The Stanford Taxa Project is part of a larger effort (called Data Over Decades) with librarian partners up and down the western coast of North America. We each hold large collections of student research reports that contain observations of environmental conditions, species, and populations recorded over a span of at least nine decades. As we seek funding to support the digitization and preservation of collections from partner institutions, the Taxa Project explores the potential of computational methods to amplify the work of librarians in identifying and verifying species observations in student papers from Hopkins Marine Station of Stanford University (HMS). We hold 746 HMS student papers that were created from 1963 - 2011. Of these, 672 are open access, and 74 are restricted to use by Stanford-affiliated folks only.

Potential corpus

The undergraduate student research papers available for the Data Over Decades project number into the thousands once more papers in these collections have been fully digitized (see Table 1). These papers were created annually, over several decades, as the capstone project for students taking an applied research course at their respective research station. For the Taxa Project, we are using the set of open access papers from Hopkins Marine Station as our initial corpus.

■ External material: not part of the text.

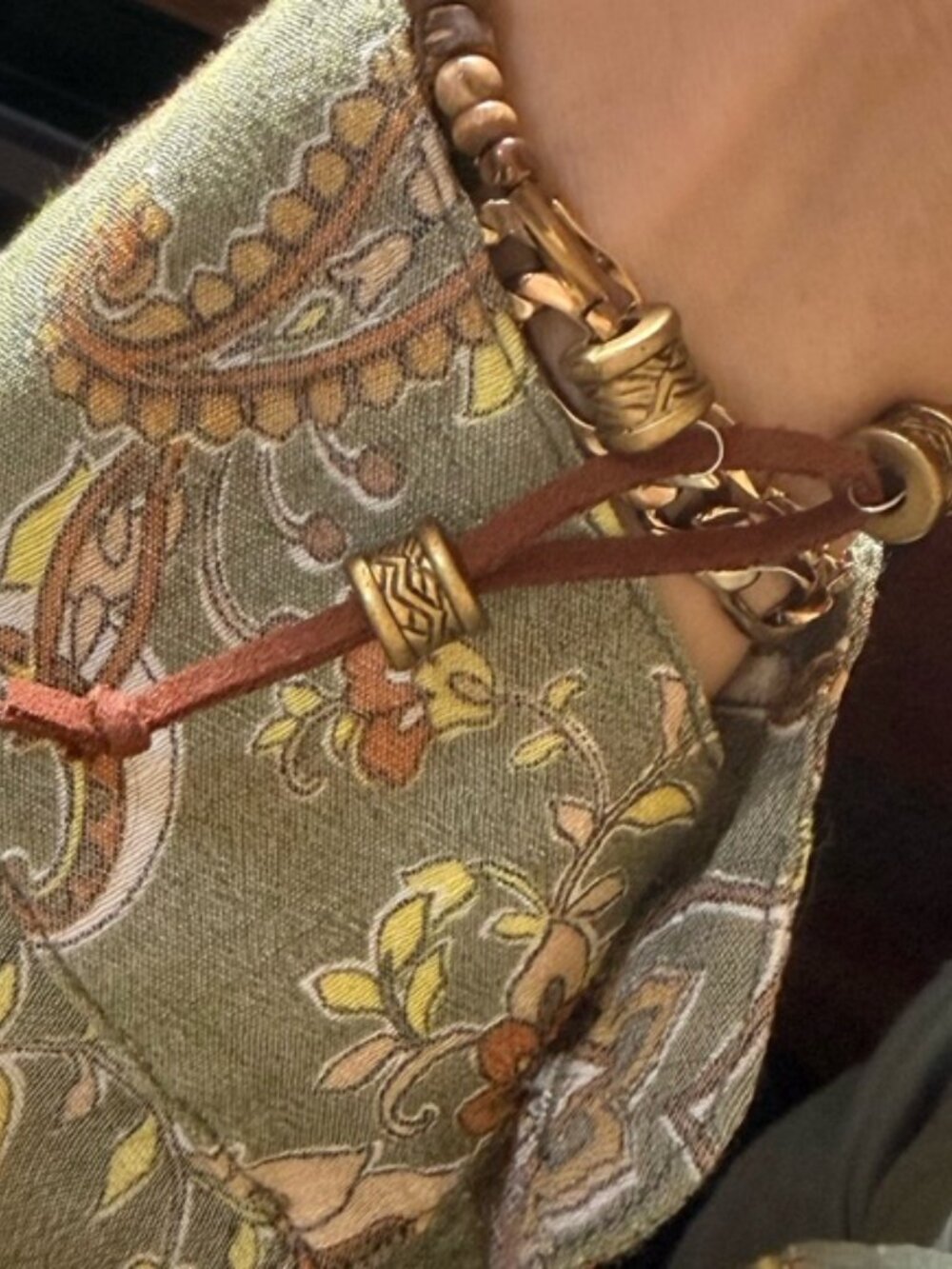 STACKABLE BRACELET/ Earthy boho/ suede+jasper+wood - Picture 2 of 3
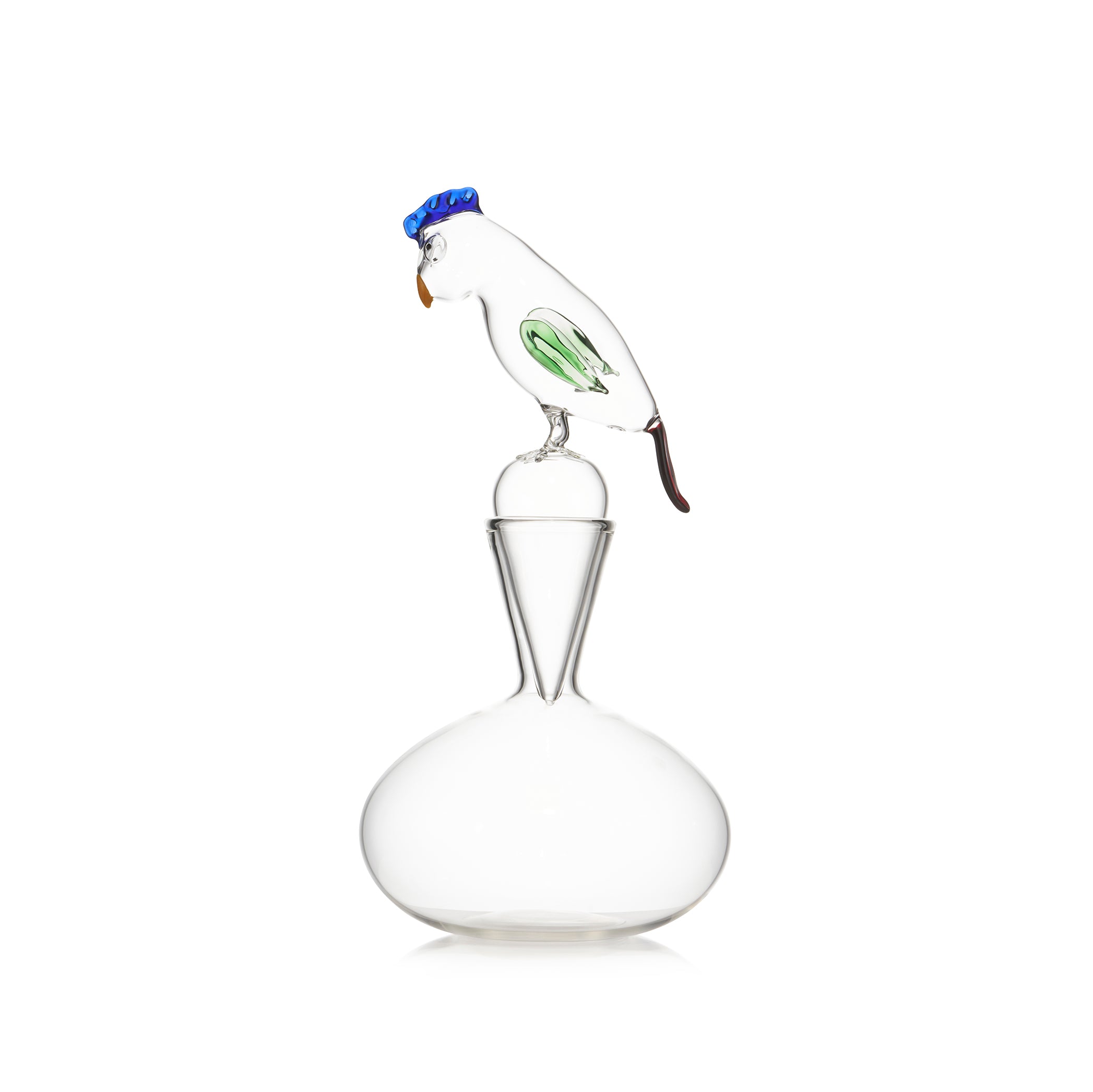 Handblown Glass Cork Are Bird Decanter, 36cm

Institution	Approx. papers	Date Range	Digital	OCR’d	Open Access
Bamfield Marine Sciences Centre (consortium)	5,426 papers	1973 - present	No	No	No
Friday Harbor Labs, University of Washington	5,000 papers; 2011-2020, 480 papers in hand	1946 - present	Pre-2011 not scanned; 2011+ born-digital	2011-2020, 480 papers	Pre-2011, No; 2011+ Yes
Hatfield Marine Science Center, Oregon State University	140 + 170 papers	1966 - present	Yes	No	Yes
Bodega Marine Laboratory, UC Davis	3,800 papers	1928 - present	No	No	No
Moss Landing Marine Labs, San Jose State University	690 theses	1968 - present	Yes	Yes	Yes
UC Berkeley (research conducted at Hopkins)	239 papers	1947 - 1952	No	No	No
Hopkins Marine Station, Stanford University	778 papers	1963 - 2011	Yes	Yes	672 Yes; 106 No
Wrigley Marine Science Center, USC, UCLA, Carleton College (corpus held at HMS Library)	300 papers	1970s - 2000	Yes	Yes	No
UC Santa Cruz (corpus held at HMS Library)	59 papers	1973 - 2000	Yes	Yes	No

Table 1. A list of project partners in the Data Over Decades project, with an approximate number of papers at each site.

Google Map of library partners in the Data Over Decades project.

Student Papers - From Paper to Digital

We partnered with the Stanford Libraries Digital Production Group (DPG) to scan all of the Hopkins Marine Station student papers. The DPG is staffed by highly skilled professional imaging specialists and student assistants, and they have well-established workflows for capturing and processing digital content, and accessioning it into the Stanford Digital Repository (SDR). Their scanning process generated, for each page, a high-resolution JPEG 2000 for preservation, a medium resolution jpg for the catalog media viewer interface, an ALTO XML file, and a text-searchable PDF of the full paper. These files are all stored in Stanford Digital Repository (SDR) for preservation and access purposes.

For this phase of the project we will be working with the PDFs, but we plan to incorporate an open software image OCR step into our workflow so it will be more directly portable to our community of practice.